The rationales and impact of open science

The particularities of open science provide the policy and economic rationales for supporting it.  Open search tools increase the efficiency of research as well as of its diffusion.  Greater access to scientific inputs and outputs can improve the effectiveness and productivity of the scientific and research system, by: reducing duplication costs in collecting, creating, transferring and reusing data and scientific material; allowing more research from the same data; and multiplying opportunities for domestic and global participation in the research process. Scientific advice can also benefit from the greater scrutiny offered by open science, as it allows a more accurate verification of research results.  In addition, increased access to research results (in the forms of both publications and data) can foster spillovers not only to scientific systems but also innovation systems more broadly (Box 1.1). With increased access to publications and data, firms and individuals may use and reuse scientific outputs to produce new products and services. Open science also allows the closer involvement and participation of citizens. 

There is growing evidence that open science has an impact on the research enterprise, business and innovation, and society more generally.

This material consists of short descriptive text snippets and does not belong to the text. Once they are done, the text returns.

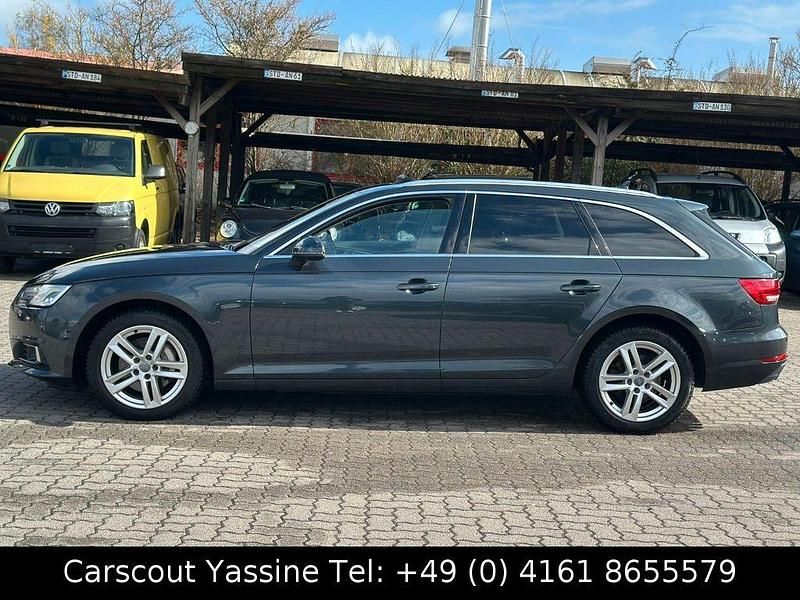 Gebraucht Audi A4 Sport 190 PS (139 kW) 2018 Grau Kombi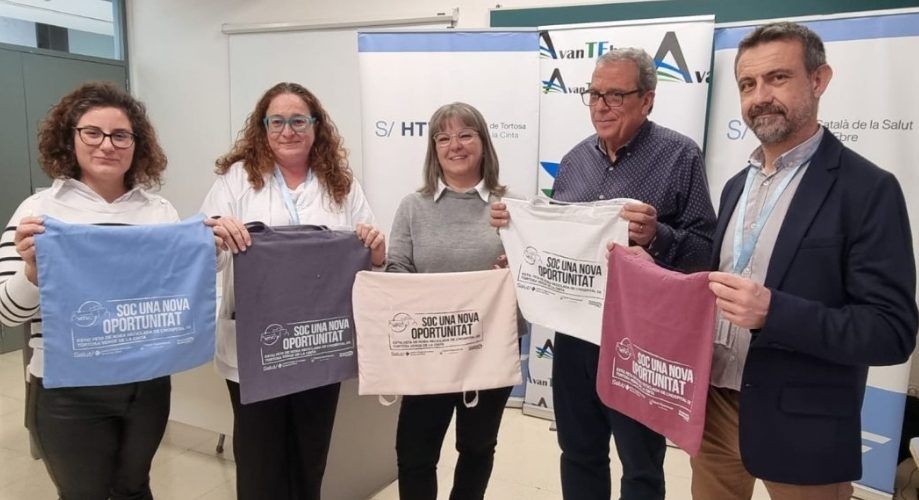 “Soc una nova oportunitat”: bosses reciclades, inclusives i solidàries fetes de roba de l’HTVC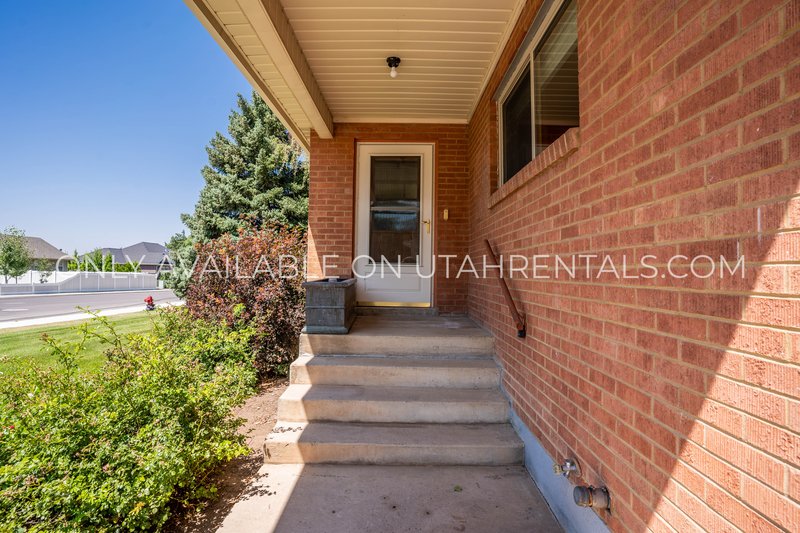 PET FRIENDLY MAPLETON HOME FOR RENT property image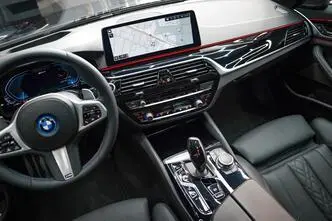 BMW 530, 2.0, 135 kW, uzlādējams hibrīds, automātiskā, pilnpiedziņa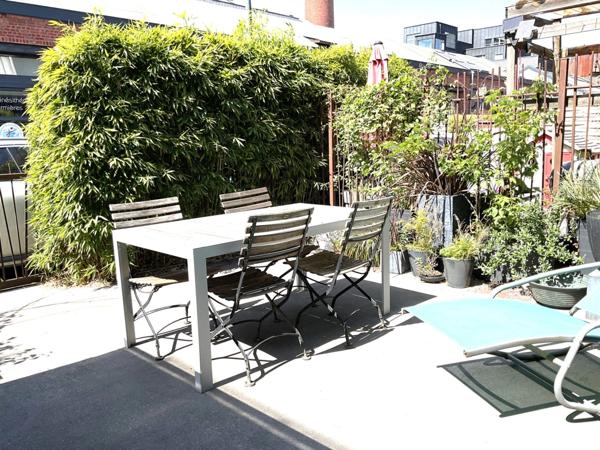 LOFT de 87 m2 avec parking et terrasse, en rez de chaussée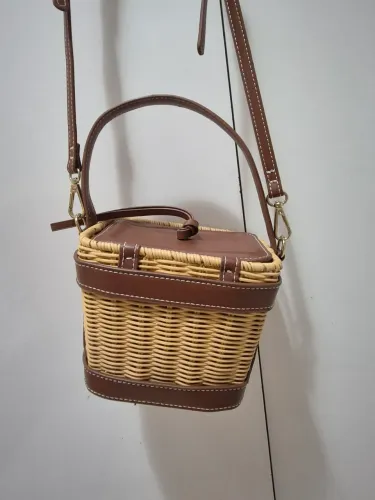 Bolsa de palha Zara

Recent analysis reveals that enhanced public access to scientific publications and research data increases the visibility of, and spillovers arising from, science and research.

There has been debate in the academic literature as to whether open access publications receive more citations than non-open access publications, which has led to attempting to measure the so-called open access citation advantage. Most of the studies conducted on this question do find that open access increases citations. It has also been argued that the open access citation advantage is caused by a quality bias (i.e. researchers tend to publish via open access their best-quality works, and this is why they get more citations); however, there is also evidence that the citation advantage is not caused by the quality bias but by the advantage from users self-selecting what to use and cite, without any constraint related to selective accessibility to subscribers only.

Scientists and academics are not the only groups that can benefit from greater open science efforts. The demand from the business sector and individual citizens to access research results is significant. For example, usage data from PubMedCentral (the online repository of the US National Institutes of Health) show that 25% of the daily unique  users are from universities, 17% from companies, 40% are individual citizens and the rest are from government or in other categories (UNESCO, 2012). 

Calculating estimates of the economic value of research publications and data is challenging, but these have begun to emerge. Available estimates include those of Houghton and Sheehan (2009), who analyse the effects of increasing accessibility to public sector research outputs in Australia; they conclude that increased accessibility generates a return of approximately AUD 9 billion over 20 years. Houghton, Rasmussen and Sheehan (2010) estimated that a public access policy mandate for US federal research agencies over a transitional period of 30 years may be worth around USD 1.6 billion and up to USD 1.75 billion if no embargo period is in place. Around USD 1 billion would benefit the US economy directly and the remaining amount would translate in economic spillovers to other countries. These figures would be significantly higher than the estimated cost of implementing open access archiving. JISC (2014) conducted a study on the economic impact of three UK data centres (the Economic and Social Data Service, the Archaeology Data Service and the British Atmospheric Data Centre), and estimated that the returns to investment of each of these three centres could be between approximately twofold and tenfold over 30 years.  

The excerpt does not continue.